Gov. Abbott Drops Border Inspections Order After Texas, Mexico Reach Deals

Texas Gov. Greg Abbott rescinded his immigration order Friday that backed up commercials trucks at the U.S.-Mexico border, after reaching a series of deals with Mexican border states.

The Texas-Mexico agreements ultimately put a positive spin on a chaotic move which featured numerous traffic snarls at the border, intense public backlash, and fears of economic stagnation.

The order’s rules previously required all commercial trucks from Mexico to undergo enhanced inspections, as a means of restricting the flow of migrants and drugs crossing the border.

Instead, the results created traffic jams that kept some drivers waiting for up to 30 hours in one sitting. There were also non-drivers, or protesters, clogging up the bridge connecting Del Rio in Texas to Mexico’s Ciudad Acuña.

Abbott lifted the inspections order after securing agreements with the four neighboring Mexican states: Nuevo León, Tamaulipas, Coahuila, and Chihuahua.

According to Abbott’s office, the first domino in this process fell on Thursday, when Mexican Gov.

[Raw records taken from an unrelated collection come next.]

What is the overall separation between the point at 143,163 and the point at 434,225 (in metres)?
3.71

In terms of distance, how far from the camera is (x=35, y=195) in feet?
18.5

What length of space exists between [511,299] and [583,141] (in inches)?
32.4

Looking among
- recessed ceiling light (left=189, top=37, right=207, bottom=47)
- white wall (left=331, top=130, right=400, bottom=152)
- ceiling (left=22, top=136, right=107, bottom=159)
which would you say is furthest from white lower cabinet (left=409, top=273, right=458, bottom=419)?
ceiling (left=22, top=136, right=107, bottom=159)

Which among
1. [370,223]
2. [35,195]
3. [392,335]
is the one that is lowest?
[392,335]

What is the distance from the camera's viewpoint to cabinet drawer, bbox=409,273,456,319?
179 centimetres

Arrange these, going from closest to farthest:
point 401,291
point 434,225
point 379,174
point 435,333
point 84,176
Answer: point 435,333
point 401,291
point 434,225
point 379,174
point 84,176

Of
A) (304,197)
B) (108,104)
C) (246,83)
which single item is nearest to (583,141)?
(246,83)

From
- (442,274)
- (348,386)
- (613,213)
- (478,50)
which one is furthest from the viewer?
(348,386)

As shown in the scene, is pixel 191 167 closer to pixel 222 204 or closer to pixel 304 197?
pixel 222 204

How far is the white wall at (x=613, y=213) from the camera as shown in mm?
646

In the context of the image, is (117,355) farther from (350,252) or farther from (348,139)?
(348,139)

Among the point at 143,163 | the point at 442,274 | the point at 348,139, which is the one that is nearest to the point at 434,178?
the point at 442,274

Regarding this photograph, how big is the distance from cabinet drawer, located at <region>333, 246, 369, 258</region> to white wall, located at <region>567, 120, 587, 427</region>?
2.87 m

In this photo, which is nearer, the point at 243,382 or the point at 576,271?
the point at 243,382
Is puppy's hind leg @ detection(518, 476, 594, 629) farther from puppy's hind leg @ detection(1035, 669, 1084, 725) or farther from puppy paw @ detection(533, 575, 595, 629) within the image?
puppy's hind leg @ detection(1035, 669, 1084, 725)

Samuel García signed a memorandum of understanding between the State of Texas and the Free and Sovereign State of Nuevo León to enhance border security measures to prevent illegal immigration.

Upon announcing the first agreement, Abbott blasted President Joe Biden for rescinding effective border security measures, such as Title 42.

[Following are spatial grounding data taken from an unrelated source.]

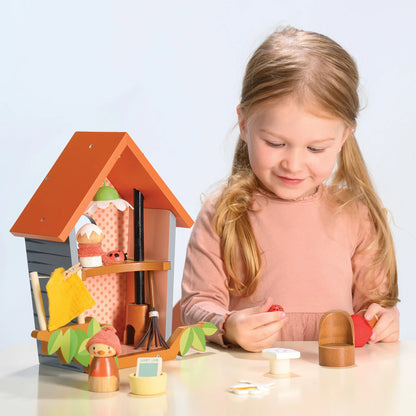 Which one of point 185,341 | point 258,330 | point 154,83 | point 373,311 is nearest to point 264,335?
point 258,330

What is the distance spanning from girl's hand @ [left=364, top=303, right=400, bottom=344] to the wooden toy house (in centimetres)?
33

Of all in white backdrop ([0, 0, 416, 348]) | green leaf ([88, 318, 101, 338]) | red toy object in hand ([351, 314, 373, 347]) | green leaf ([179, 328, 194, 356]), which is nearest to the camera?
green leaf ([88, 318, 101, 338])

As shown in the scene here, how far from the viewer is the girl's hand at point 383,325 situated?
1.15 meters

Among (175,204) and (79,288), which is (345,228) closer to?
(175,204)

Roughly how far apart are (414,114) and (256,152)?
1.59m

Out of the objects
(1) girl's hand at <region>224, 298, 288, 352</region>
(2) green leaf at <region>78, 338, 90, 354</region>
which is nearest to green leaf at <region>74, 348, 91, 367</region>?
(2) green leaf at <region>78, 338, 90, 354</region>

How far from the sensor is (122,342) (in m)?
1.08

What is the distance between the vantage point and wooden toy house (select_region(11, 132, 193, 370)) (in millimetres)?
962

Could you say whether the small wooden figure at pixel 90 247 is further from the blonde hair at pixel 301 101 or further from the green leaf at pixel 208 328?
the blonde hair at pixel 301 101

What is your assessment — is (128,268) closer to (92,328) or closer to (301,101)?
(92,328)

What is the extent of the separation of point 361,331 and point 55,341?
1.55 ft

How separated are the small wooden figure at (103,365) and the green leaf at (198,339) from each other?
15 cm

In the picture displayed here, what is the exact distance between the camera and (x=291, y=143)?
46.3 inches

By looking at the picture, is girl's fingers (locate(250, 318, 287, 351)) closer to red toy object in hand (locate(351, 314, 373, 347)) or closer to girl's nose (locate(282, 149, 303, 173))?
red toy object in hand (locate(351, 314, 373, 347))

“Texans demand and deserve an aggressive, comprehensive border security strategy that will protect our communities from the dangerous consequences related to illegal immigration,” Abbott said of the first agreement.

“Until President Biden enforces the immigration laws passed by Congress, Texas will step up and use its own strategies to secure the border and negotiate with Mexico to seek solutions that will keep Texans safe.

“This historic memorandum of understanding between Texas and Nuevo León is a major step in the Lone Star State’s efforts to secure the border in the federal government’s absence,” Abbott added.

The Tamaulipas governor was the last to reach an understanding with the state of Texas, allowing Gov. Abbott to officially scale back the order.

When Abbott began enforcing the order, there was no public mention of it being contingent on separate deals with Mexican territories. 

A few days ago, the American Trucking Association called the inspections “wholly flawed, redundant and adding considerable weight on an already strained supply chain.”

And one customs agents in Mexico reportedly estimated the losses at millions of dollars a day, which didn’t even cover the logistical problems from all the traffic delays.

Texas oversees the vast majority of the U.S.-Mexico border (approximately 1,200 miles of land), which also touches parts of New Mexico, Arizona, and California.

According to the AP, the U.S. imported $390.7 billion worth of goods from Mexico last year — running second only to China.

Earlier this week, Sen. Kyrsten Sinema, D-Ariz., sent a letter to the Biden administration, imploring it to suspend the repeal of Title 42 — at least until an alternative program or comprehensive response could be put in place.

And before that, Sinema, Sen. James Lankford, R-Okla., and a bipartisan group of senators introduced legislation that would ensure “the Administration coordinates and communicates with border communities and puts a comprehensive, workable plan in place before lifting Title 42.”

In essence, the bill would have placed a 60-day emergency hold on the repeal of Title 42. At the end of that period, according to Sinema’s website, Homeland Security would have “30 days to submit to Congress a plan to address the impacts of the post-Title 42 migrant influx.”

The Biden administration’s repeal of Title 42 isn’t just a partisan issue. The list of Democratic senators joining the bipartisan cause of Abbott, Sinema, and the GOP are: Sen. Mark Kelly, D-Ariz., Sen. Maggie Hassan, D-N.H., and Sen. Joe Manchin, D-W.Va.